╭─ GIVEN DATA

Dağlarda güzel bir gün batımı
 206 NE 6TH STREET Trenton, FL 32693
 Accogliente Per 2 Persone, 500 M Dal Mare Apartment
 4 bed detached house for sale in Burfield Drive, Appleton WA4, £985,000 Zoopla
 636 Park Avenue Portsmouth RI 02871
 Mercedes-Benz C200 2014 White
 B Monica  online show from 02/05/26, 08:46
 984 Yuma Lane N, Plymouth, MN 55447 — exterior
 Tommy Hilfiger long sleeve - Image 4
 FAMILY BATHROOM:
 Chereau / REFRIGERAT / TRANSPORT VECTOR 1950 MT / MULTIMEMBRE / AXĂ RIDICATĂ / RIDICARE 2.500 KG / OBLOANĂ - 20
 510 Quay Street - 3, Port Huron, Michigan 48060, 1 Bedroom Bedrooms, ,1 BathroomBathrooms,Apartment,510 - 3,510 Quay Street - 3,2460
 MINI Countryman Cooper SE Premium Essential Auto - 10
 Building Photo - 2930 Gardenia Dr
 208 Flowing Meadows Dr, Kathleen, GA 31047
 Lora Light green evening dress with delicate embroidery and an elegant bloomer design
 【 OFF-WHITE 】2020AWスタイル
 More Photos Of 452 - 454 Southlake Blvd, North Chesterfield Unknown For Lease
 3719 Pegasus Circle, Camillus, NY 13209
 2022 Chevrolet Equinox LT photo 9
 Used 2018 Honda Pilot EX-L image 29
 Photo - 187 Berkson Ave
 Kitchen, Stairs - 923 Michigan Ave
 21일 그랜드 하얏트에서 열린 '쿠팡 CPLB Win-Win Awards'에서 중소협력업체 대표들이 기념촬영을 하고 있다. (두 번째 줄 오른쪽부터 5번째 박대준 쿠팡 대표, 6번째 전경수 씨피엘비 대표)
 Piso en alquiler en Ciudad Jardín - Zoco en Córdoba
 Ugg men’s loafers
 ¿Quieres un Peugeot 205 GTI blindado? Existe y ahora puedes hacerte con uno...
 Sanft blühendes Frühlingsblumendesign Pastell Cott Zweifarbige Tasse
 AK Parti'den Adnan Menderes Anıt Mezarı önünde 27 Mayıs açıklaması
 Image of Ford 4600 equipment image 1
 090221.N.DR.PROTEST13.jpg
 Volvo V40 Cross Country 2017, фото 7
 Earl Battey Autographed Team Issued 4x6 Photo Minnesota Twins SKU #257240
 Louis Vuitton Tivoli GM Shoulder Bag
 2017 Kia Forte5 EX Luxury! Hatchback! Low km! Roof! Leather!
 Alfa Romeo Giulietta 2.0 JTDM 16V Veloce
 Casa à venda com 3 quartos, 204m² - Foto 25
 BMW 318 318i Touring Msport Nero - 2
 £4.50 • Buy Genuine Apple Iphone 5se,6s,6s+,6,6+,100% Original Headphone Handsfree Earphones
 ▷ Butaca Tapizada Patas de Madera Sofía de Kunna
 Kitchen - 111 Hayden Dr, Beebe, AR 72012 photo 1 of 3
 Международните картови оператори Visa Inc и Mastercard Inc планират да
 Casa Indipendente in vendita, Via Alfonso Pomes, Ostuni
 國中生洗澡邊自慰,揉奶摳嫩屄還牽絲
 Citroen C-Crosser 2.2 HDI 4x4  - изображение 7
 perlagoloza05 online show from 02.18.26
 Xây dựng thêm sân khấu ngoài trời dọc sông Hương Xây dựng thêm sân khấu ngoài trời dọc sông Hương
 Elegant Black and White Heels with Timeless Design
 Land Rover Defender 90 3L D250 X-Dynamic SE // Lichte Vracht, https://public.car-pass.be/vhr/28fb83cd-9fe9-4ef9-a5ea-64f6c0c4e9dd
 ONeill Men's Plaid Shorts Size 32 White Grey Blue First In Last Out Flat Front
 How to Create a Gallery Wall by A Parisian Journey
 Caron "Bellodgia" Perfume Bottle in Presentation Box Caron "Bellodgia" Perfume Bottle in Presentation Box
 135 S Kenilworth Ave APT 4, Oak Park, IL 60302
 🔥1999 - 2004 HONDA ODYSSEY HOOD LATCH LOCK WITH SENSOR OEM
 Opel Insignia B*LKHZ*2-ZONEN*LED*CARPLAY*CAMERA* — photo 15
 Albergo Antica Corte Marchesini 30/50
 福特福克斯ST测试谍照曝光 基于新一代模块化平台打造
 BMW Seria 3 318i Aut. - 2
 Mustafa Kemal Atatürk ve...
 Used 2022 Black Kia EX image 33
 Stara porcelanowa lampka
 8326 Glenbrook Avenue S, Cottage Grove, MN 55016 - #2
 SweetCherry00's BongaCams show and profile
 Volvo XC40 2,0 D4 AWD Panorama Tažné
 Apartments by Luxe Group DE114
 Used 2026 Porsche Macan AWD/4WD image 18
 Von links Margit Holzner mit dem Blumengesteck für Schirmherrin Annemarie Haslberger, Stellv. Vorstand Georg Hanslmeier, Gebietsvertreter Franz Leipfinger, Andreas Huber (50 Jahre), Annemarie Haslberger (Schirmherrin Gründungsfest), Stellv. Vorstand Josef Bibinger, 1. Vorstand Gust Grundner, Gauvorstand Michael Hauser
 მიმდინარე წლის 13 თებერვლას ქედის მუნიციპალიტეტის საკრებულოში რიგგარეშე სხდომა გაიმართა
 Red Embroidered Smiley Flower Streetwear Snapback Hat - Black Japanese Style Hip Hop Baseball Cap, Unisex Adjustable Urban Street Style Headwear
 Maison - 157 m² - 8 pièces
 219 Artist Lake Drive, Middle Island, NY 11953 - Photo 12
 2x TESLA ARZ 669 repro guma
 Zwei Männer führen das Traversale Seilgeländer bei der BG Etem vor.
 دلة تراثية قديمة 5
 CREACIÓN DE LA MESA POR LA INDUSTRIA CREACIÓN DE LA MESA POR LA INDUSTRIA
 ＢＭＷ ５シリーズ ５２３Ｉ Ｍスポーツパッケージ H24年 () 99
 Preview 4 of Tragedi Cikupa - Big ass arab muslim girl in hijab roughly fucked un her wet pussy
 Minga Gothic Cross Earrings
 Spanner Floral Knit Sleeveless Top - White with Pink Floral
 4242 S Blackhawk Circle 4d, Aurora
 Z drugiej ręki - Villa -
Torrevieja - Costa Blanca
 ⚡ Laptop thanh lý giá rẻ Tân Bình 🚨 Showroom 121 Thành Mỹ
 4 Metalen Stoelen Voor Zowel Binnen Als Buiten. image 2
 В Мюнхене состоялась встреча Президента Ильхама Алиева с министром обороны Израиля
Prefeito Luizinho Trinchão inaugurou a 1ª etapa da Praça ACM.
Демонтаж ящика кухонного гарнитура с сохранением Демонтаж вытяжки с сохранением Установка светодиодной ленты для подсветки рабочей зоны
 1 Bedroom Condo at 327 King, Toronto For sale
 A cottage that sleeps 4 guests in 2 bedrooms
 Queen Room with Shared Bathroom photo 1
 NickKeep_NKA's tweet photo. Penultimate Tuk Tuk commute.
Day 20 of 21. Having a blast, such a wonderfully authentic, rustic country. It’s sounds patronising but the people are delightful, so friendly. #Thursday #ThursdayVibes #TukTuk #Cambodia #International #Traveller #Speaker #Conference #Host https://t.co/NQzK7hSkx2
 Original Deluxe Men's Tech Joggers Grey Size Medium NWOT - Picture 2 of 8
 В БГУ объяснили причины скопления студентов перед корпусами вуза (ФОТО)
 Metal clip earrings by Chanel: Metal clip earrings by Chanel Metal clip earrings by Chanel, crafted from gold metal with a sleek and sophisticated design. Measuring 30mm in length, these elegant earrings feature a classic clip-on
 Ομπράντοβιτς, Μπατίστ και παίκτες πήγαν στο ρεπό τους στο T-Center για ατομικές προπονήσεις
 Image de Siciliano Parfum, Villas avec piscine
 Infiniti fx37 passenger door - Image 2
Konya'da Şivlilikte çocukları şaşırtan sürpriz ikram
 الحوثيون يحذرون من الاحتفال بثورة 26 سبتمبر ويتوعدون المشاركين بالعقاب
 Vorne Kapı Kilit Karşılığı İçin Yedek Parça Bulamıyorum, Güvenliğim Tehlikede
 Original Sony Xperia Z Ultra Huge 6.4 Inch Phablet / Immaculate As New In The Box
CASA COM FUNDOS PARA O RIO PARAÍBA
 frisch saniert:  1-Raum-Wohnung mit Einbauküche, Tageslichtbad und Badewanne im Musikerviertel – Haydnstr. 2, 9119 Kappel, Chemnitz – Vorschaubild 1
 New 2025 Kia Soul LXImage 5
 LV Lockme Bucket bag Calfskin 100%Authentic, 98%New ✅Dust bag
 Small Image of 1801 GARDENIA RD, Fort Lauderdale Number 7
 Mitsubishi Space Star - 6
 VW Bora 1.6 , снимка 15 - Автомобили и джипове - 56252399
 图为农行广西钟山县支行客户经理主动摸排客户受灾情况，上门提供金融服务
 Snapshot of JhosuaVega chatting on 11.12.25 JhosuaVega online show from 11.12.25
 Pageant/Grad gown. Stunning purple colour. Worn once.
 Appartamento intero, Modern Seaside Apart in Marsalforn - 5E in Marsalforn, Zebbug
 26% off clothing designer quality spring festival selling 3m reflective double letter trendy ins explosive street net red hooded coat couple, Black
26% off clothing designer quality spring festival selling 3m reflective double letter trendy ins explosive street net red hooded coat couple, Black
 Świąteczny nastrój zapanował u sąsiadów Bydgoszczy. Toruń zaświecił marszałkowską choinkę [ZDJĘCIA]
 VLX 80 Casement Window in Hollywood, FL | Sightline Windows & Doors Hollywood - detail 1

╰─

ASSIGNED TASK –
What are the lines above, starting at the one with "510 Quay Street - 3, Port" and ending at the one with "Casa à venda com 3 quartos, 204m² - Foto 25"? Give them again exactly, and only them.

EXERCISE RESULT –
 510 Quay Street - 3, Port Huron, Michigan 48060, 1 Bedroom Bedrooms, ,1 BathroomBathrooms,Apartment,510 - 3,510 Quay Street - 3,2460
 MINI Countryman Cooper SE Premium Essential Auto - 10
 Building Photo - 2930 Gardenia Dr
 208 Flowing Meadows Dr, Kathleen, GA 31047
 Lora Light green evening dress with delicate embroidery and an elegant bloomer design
 【 OFF-WHITE 】2020AWスタイル
 More Photos Of 452 - 454 Southlake Blvd, North Chesterfield Unknown For Lease
 3719 Pegasus Circle, Camillus, NY 13209
 2022 Chevrolet Equinox LT photo 9
 Used 2018 Honda Pilot EX-L image 29
 Photo - 187 Berkson Ave
 Kitchen, Stairs - 923 Michigan Ave
 21일 그랜드 하얏트에서 열린 '쿠팡 CPLB Win-Win Awards'에서 중소협력업체 대표들이 기념촬영을 하고 있다. (두 번째 줄 오른쪽부터 5번째 박대준 쿠팡 대표, 6번째 전경수 씨피엘비 대표)
 Piso en alquiler en Ciudad Jardín - Zoco en Córdoba
 Ugg men’s loafers
 ¿Quieres un Peugeot 205 GTI blindado? Existe y ahora puedes hacerte con uno...
 Sanft blühendes Frühlingsblumendesign Pastell Cott Zweifarbige Tasse
 AK Parti'den Adnan Menderes Anıt Mezarı önünde 27 Mayıs açıklaması
 Image of Ford 4600 equipment image 1
 090221.N.DR.PROTEST13.jpg
 Volvo V40 Cross Country 2017, фото 7
 Earl Battey Autographed Team Issued 4x6 Photo Minnesota Twins SKU #257240
 Louis Vuitton Tivoli GM Shoulder Bag
 2017 Kia Forte5 EX Luxury! Hatchback! Low km! Roof! Leather!
 Alfa Romeo Giulietta 2.0 JTDM 16V Veloce
 Casa à venda com 3 quartos, 204m² - Foto 25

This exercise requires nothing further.